Demus Productions was founded in 1994, making programmes for the BBC. They are currently the biggest independent radio production house in Scotland, making around 160 programmes each year for BBC Scotland, BBC Radio 2, as well as television programmes for BBC, STV and Channel 4.

Weekly strand radio shows on BBC Radio Scotland include the (Bronze) Sony Radio Award winning Janice Forsyth Show. Radio documentaries include a six-part jazz documentary on Verve Records founder Norman Granz for Radio 2, a four-part series The Scottish Suffragettes for BBC Radio Scotland using never-before-aired audio, Return to Goose Green (a soldier-turned-Church-of-Scotland minister's pilgrimage to the Falklands), The Sandmen Of the Gulf (about the first men to drill for oil in the Middle East) and The Herb Alpert Story for Radio 2, which included a rare interview with the man himself, one of the world's most successful songwriters.

In 2007, they completed the first series of The Atrocity Machine for Channel 4Radio, a sonic tapestry that many have described as "a shocking, incoherent mess". Working with some of the best talent around today, Demus work closely with three separate teams of writers and performers, producing The Lewis Lectures (a wry look back at famous historical moments), Pythonesque live sketch show Sabotage and the dark satire of The Franz Kafka Big Band for BBC Radio Scotland.

2008 saw BBC1 Scotland transmit their observational documentary The Whisky Dream, following the re-opening of Bruichladdich an historic distillery on the remote island of Islay.
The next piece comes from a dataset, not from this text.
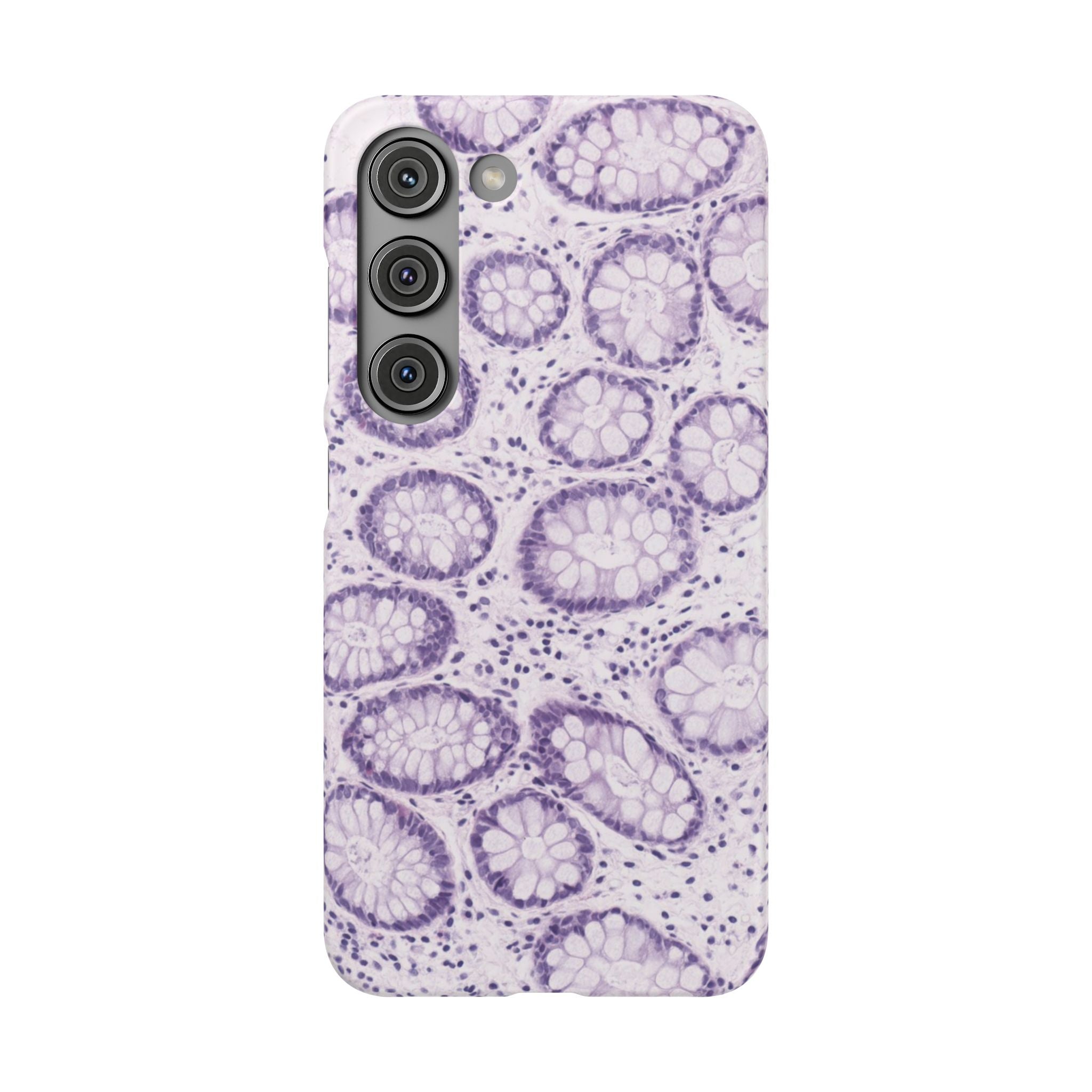 Slim Case Kolon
One of the biggest ratings winners has been an emotional STV documentary following the highs and lows of arguably Scotland's toughest Sunday League Football teams. Other BBC TV documentaries include Vambo Rules, the story of the singer Alex Harvey, Full Cycle, a biopic of troubled cycling genius Graeme Obree who won four world titles on a bike built from a washing machine, as well as filming soul legend Dionne Warwick for The Gospel Channel in the United States.

They have also completed two series of Proud Parents for Channel 4 Daytime (features looking at celebrities through the eyes of their parents, letting the viewer witness emotional, touching encounters). These included Amir Khan, Aggie Mackenzie (How Clean Is Your House?), motorbike world champion James Toesland, Vic Reeves, Shobna Gulati (ex Coronation Street) and Carol Vorderman, starring alongside their parents.

Demus Productions has also produced the BBC 6Music Funk & Soul Show on a Saturday evening, presented by Craig Charles for the past four years though their tender has now came to an end.